Hello Ardupilot family!
I’m absolutely thrilled and beyond excited to announce that my proposal, “Non-GPS Position Estimation Using 3D Camera and Pre-Generated Map,” has been accepted by ArduPilot for Google Summer of Code 2025!
Why this project matters
• Heavy-sensor stacks (LiDAR, RTK) deliver top-tier accuracy but weigh drones down, stealing flight time and agility.
• Lightweight UAVs fly longer yet usually sacrifice precision.
I’m building a middle road: tiny drones with a simple 3D camera will reuse detailed LiDAR maps created by bigger rigs, achieve sub-centimetre localisation, and optionally refine those maps as they fly.
One of the endless applications
Picture warehouse storage and retrieval. GPS is useless, markers get hidden, and lighting is patchy. A fleet of nimble drones will zip through aisles without bulky sensors and never lose their place.
Timeline
- June 2nd – June 30th: Simulation
- Week 1 (June 2–8):
- Environment & toolchain setup
- Add a 3D camera to the existing ardupilot ROS2 simulation
- Complete Barebones initial simulation setup
- Week 2 (June 9–15):
- Add a few more relevant worlds in the simulation for testing
- Develop a Point cloud preprocessing node
- Finalize a SLAM algorithm to be used for the simulation setup (Please note your suggestions in the comments for LIDAR inertial SLAM algorithms)

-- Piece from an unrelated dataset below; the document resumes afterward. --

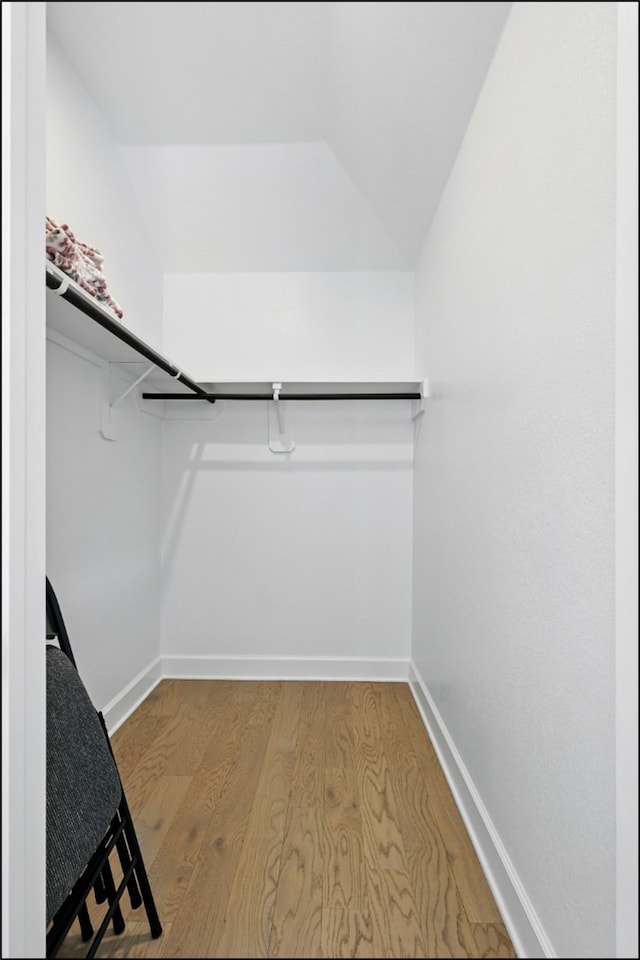 8529 Melrose, The Colony, TX 75056 - walk in closet featuring wood finished floors and lofted ceiling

- Start building the initial skeleton for the framework that takes in Lidar Point cloud as input and outputs 6-DOF pose in desired frames and at desired rates
- Week 3 (June 16–22):
- Use the SLAM algorithm to generate 3D maps that we can use to test the setup
- Try different Scan registration approaches and benchmark for frequency, accuracy, and resource requirement
- Week 1 (June 2–8):
- Week 4 (June 23–30):
- Start building the statemachine that is responsible for taking a 6-DOF pose from the registration application and sending it to Ardupilot
- Evaluate performance metrics and debug critical issues
Questions
- What is the advantage of this approach over using approaches like VINS Mono or VINS fusion?

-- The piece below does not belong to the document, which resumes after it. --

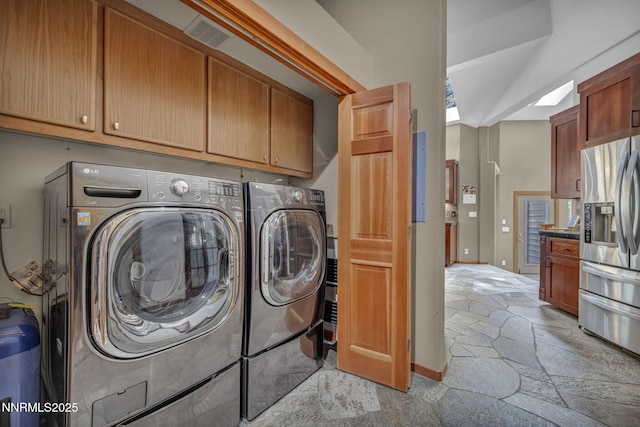 914 Jennifer St, Incline Village, NV 89451 - laundry room featuring stone tile floors, separate washer and dryer, cabinet space, and baseboards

Visual SLAM is undoubtedly a good option to choose if we are tackling a completely unknown region with no prior maps or information. In case a prior 3D map is available, this approach will always outgun a visual SLAM framework for a couple of fundamental reasons- Map-based localization treats the LiDAR map as ground truth. You only solve for the 6 DOF pose of the Drone by registering its 3D‐camera point cloud against that fixed map. Therefore virtually zero long‐term drift.
- Works well in textureless environments (LiDAR doesn’t rely on visual features).
- Scalability, A single map can be reused by n drones to localize
- No scale drift issues that plague monocular SLAM
- Almost always, VIO or VSLAM will need more resources than a scan registration approach
- sub-cm accuracy without reliance on perfect calibration
I will keep this post up to date with relevant updates in timelines and make a new post with details for part 2. Apart from the above-mentioned tasks, I will focus on rigorous documentation for each step for reproducible results
Enormous thanks to @rmackay9 Ryan Friedman, @snktshrma Tejal Barnwal, and the entire ArduPilot team, along with Google Summer of Code, for believing in this idea and offering constant support. A special shout-out to Prof. Guoquan (Paul) Huang for generously agreeing to mentor me throughout the journey. I’m thrilled to give back to the open-source community that has taught me so much.
Let’s collaborate
If you work on visual SLAM, aerial robotics, warehouse automation, or lightweight autonomy, I’d love to trade ideas, learn from your challenges, and maybe team up.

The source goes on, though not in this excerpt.